3.5. Perception of Change Due to the Adoption of Best Management Practices
Farmers rated different dimensions of change. Results show that farmers perceived greatest changes in social capital (Table 6), followed by human capital, and poverty reduction. Farmers perceived least changes in land tenure and physical capital.
4. Discussion
The adoption of sustainable rice farming technologies is an important contribution to climate change adaptation and mitigation. The present study went beyond a conventional adoption study e.g., [18,19,23] by looking at subsequent adoption effects on additional revenue allocation and farmers’ perception of social, economic and environmental change. As such it contributes to this Special Issue on “Farmers’ Adoption of Agricultural Innovations and their Impact”.
Results of the present study show that almost all participating farmers adopted the new high-yielding rice varieties. This is not surprising as Yogyakarta is one of the regions in Indonesia with the highest yield gaps [31]. Therefore, this area had great potential to increase yields through improvement of crop-management practices and the introduction of new varieties. The CORIGAP project introduced a variety of technologies and practices determined by prior needs assessment. The number of farmers who reported to have been introduced to the different practices and technologies varies considerably. Throughout the project phase, several trainings and field trials were conducted and farmers were free to take part in these activities. Farmers for the present study were selected based on their location and not their participation or otherwise in previous trainings. It needs to be noted that the current sample was drawn purposively from a list of project farmers who adopted at least one technology or practice and does not represent a complete random sample as it excludes the farmers who did not adopt technologies. However, farmers’ demographic characteristics are comparable with other studies [6]. The present sample was slightly older and consisted of more female farmers that Rondhi’s [6], which used data from 87,3330 rice farming households.
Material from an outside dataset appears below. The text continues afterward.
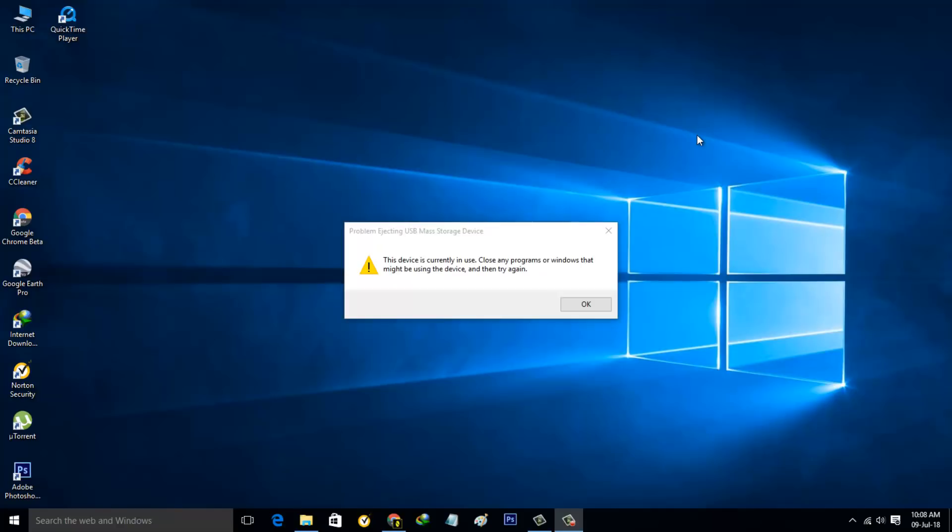Hello, what's up guys and welcome back to my YouTube channel THETABOX. Today I tried to eject my USB drive through my Windows 10 desktop.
At least 50% of those farmers who were familiar with CORIGAP-promoted technologies and practices reported that they were adopters. Highest adoption was reported for new varieties, AWD, and drum seeder. However, by 2018 combine harvesters, mechanical transplanters and drum seeders had largely been abandoned. Farmers reported that time constraints and labor shortages were the main reasons for not using combine harvesters and mechanical transplanter anymore. Furthermore, participants also mentioned that combine harvesters were not available. These machines are very expensive and are usually not bought by a single farmer or even a farming community, therefore, service providers need to be available for farmers to rent the machines. This emphasizes the need for business model development around service providers [32]. With regard to mechanical transplanters, farmers also acknowledged that they do not fit their cropping pattern and are, therefore, unsuitable.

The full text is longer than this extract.